I falsify the annals for those Northiam days – indeed, of all those late adolescent months of ‘43 and ‘44 – if, fearing an excess of self, I omit the mood of the time and my own state of mind. Everyone knew that the Allied invasion of the Continent could not be long delayed. Night after night the pubs of the southern counties of England were thronged with the soldiery of half the world. Night and day the roads grew ever more congested with wheeled and tracked machinery of every shape and purpose, painted in green and displaying the allied white star. As 1944 wore on, with the cuckoo calling and summer icumen in, anyone in an active service unit was aware that in weeks, if not days, the hitting for six must begin. For many a very young man it was a time for Rupert Brooke (“If I should die, think only this of me…”) and the lodging of last letters with his bank.

With no specific duties or responsibilities to occupy me, I thought even more than usual of Nicola (let us at last give the ballet dancer a name) and whether (rapture beyond reasonable possibility) I might spend a night with her away from the protective eye of her mother. To this end I went to a well known and especially attractive hotel not far from the camp and – greatly daring; hoping that I did not strike the receptionist as being as gauche as I felt – reserved a double room for two nights of Nicola’s imminent holiday. When she agreed to come I soared into a near delirium of expectation, at frequent intervals tortured by fears of disappointment and failure to live up to my own daring. The fears were well founded. Two days before I was due to meet her off the train at Hastings I was given orders to report without delay to a unit of the Military Police in Colchester. Almost a lifetime on, the scent of lilac is the heartbreaking scent of the blossom that had decorated the foyer of the hotel when I went to make the booking: the scent of spring ‘44. Lilac and laburnum were in bloom and the grass was new green in the park at Northiam as I packed my kit and departed in the rain.

HIATUS

On the fourth day of June it was raining again as I stood in the cabin of a naval launch rolling nauseatingly at anchor off Harwich, a launch that was to carry me, a corporal of the Military Police, a private from the Medical Corps, and a man on a stretcher to an ambulance waiting on a quayside. D-Day ought to have been on June 5th. Two days before, hundreds of thousands of men had been briefed and started to board vessels of every sort in the harbours and anchorages of southern England; vessels that would take them to France. Some fell seriously ill. Because they knew where and when the landings would take place they were a potential security risk and had to be escorted by an officer to a hospital bed in a secure medical unit ashore.

The MP corporal and medical orderly got into the back of the ambulance with the man on the stretcher. I joined the driver. We had not been going long when there was a knocking on the rear window of the cab. We pulled over and stopped and I went back to see what was happening. “Afraid he’s gone, sir”, the medic said. Motionless on the stretcher, the soldier’s face presented a pallor and an indefinable something – or lack of something – that I had never seen before. Awed, frightened I think, I returned to the cab and told the driver to carry on to Colchester and the hospital. I had seen death for the first time.

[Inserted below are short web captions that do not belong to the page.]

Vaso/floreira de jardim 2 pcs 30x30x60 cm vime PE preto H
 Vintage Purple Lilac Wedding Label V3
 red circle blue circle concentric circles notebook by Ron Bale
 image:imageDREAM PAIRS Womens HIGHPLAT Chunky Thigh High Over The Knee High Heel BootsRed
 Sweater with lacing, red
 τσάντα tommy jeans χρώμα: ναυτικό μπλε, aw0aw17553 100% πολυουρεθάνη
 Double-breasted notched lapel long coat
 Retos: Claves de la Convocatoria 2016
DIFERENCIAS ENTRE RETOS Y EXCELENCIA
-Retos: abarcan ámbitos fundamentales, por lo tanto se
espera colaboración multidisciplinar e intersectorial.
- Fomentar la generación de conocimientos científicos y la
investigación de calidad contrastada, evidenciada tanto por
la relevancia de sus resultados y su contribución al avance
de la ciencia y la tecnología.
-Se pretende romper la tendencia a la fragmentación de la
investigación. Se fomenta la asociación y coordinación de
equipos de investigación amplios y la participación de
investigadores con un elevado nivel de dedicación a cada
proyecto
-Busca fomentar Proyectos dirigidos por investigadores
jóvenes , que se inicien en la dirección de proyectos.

Two days later, with the news that the Normandy landings had begun, the security job was manifestly at an end. Duty, I knew, would require me to report to my parent unit, now in Sheerness. But the regiment, I also knew, having more pressing business on its administrative mind than the whereabouts of one of its spare junior subalterns, would not be waiting up for me. Effectively, for the time being, no one who for military purpose mattered either knew or cared where I was or what I was doing. So I was free. Free to take a train to London. Free to spend a night or two in the spare room at the Kensington flat that was the home of Nicola and her mother. Before lunch I had obtained a travel warrant from the Railway Transport Officer at Colchester barracks, but no specific orders, and was on my way to Liverpool Street.

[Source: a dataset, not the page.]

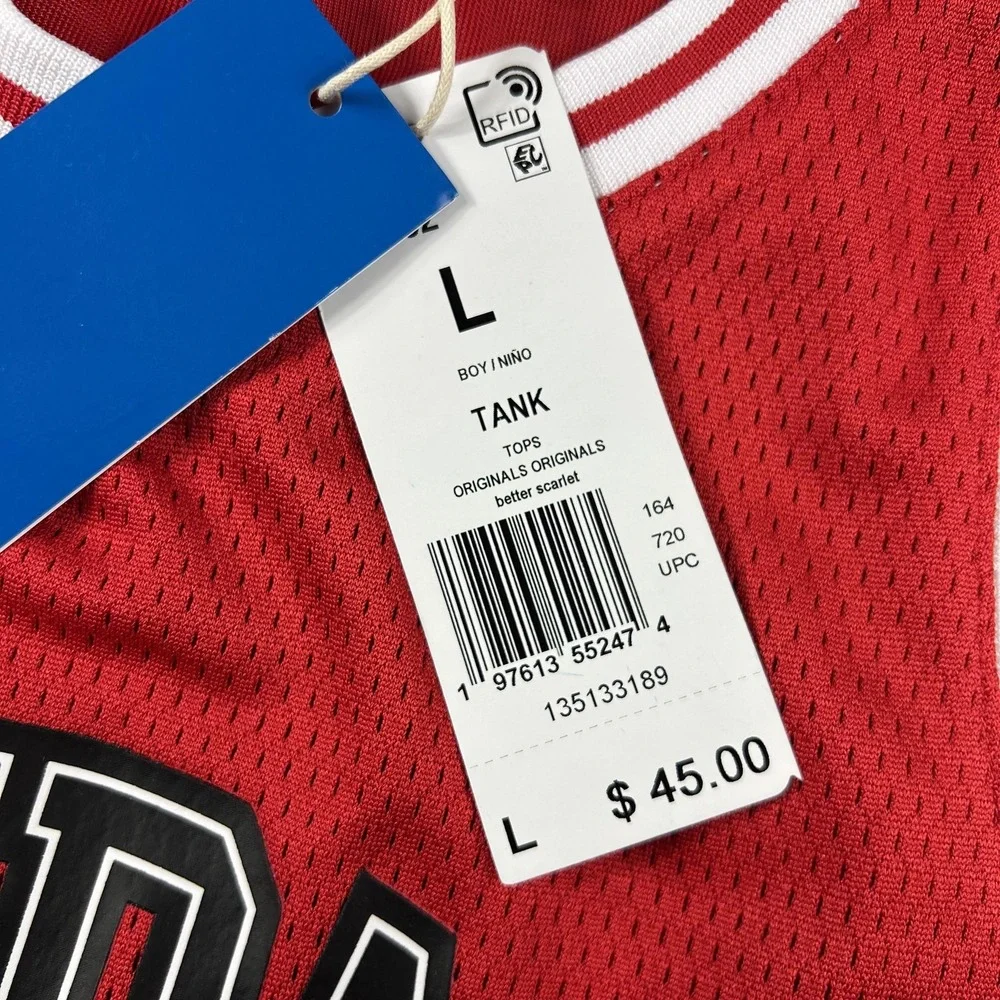 Adidas Tank Jersey‎ Boys Large Red Originals Trefoil Logo Mesh Basketball Top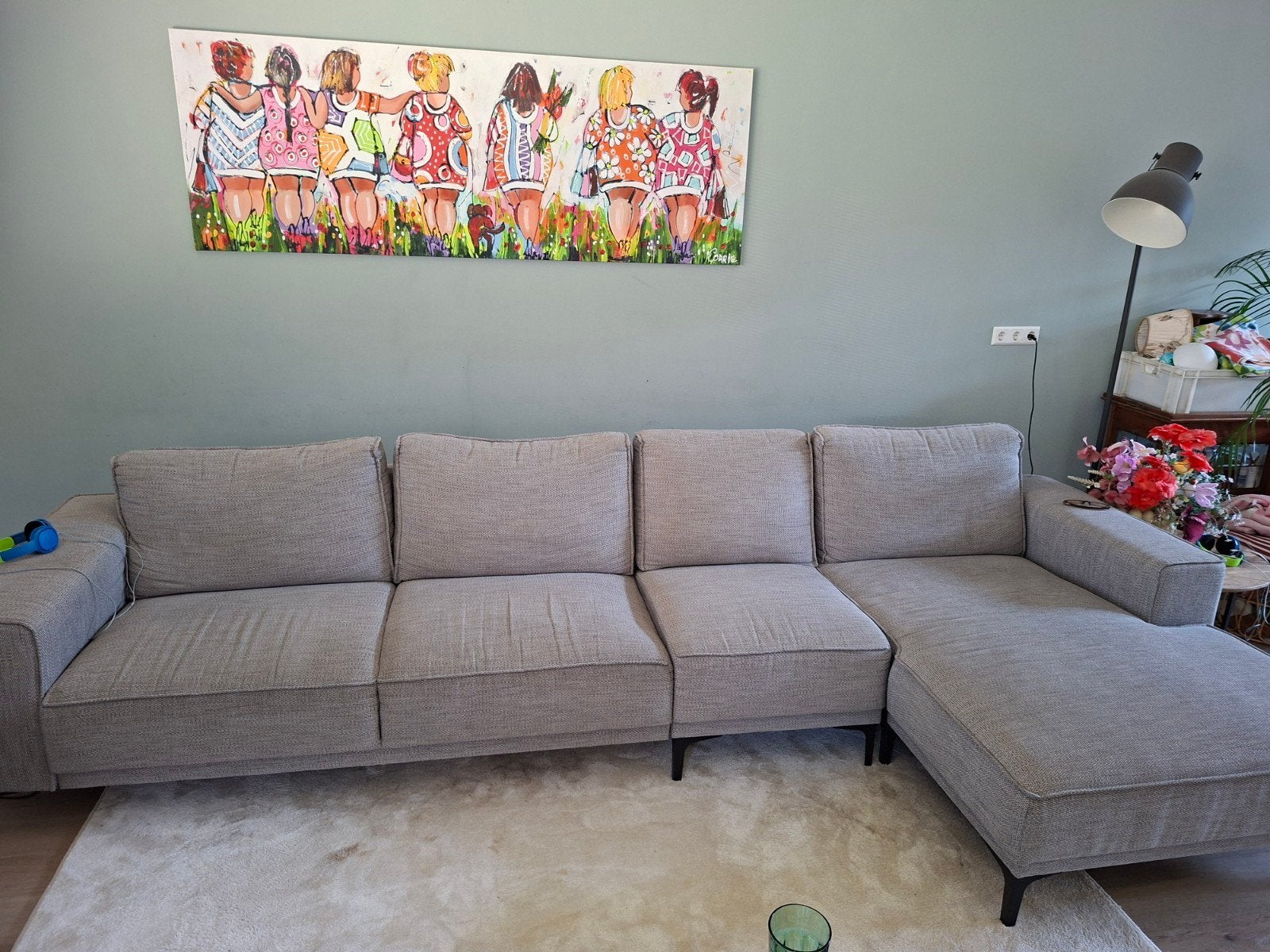 Moderne Hoekbank - Grijs Stof - Comfortabel en Ruim, Ophalen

We few, we happy few, we band of brothers……..

And gentlemen in England now a-bed

Shall think themselves accursed they were not here …* 

In our age of the anti-hero, it may appear unlikely that a self-respecting young gentleman of fighting age, abed in England, might be eager to cross the Channel and might feel more than a twinge of guilt at listening to battle reports filed daily by BBC correspondents in France. Yet in that week following D-Day, lost as I was to authority, on nobody’s unit strength, eagerness and guilt vied with the bliss of walking hand in hand in the park, dancing cheek to cheek at the Wellington Club, sitting late by the fire in a euphoria which, had the young gentleman known it, never would come again. With a percipience deeper than consciousness, perhaps he did  know: whatever the eagerness to be in the breach, there was a compelling reluctance voluntarily to surrender so halcyon a tenure of stolen time.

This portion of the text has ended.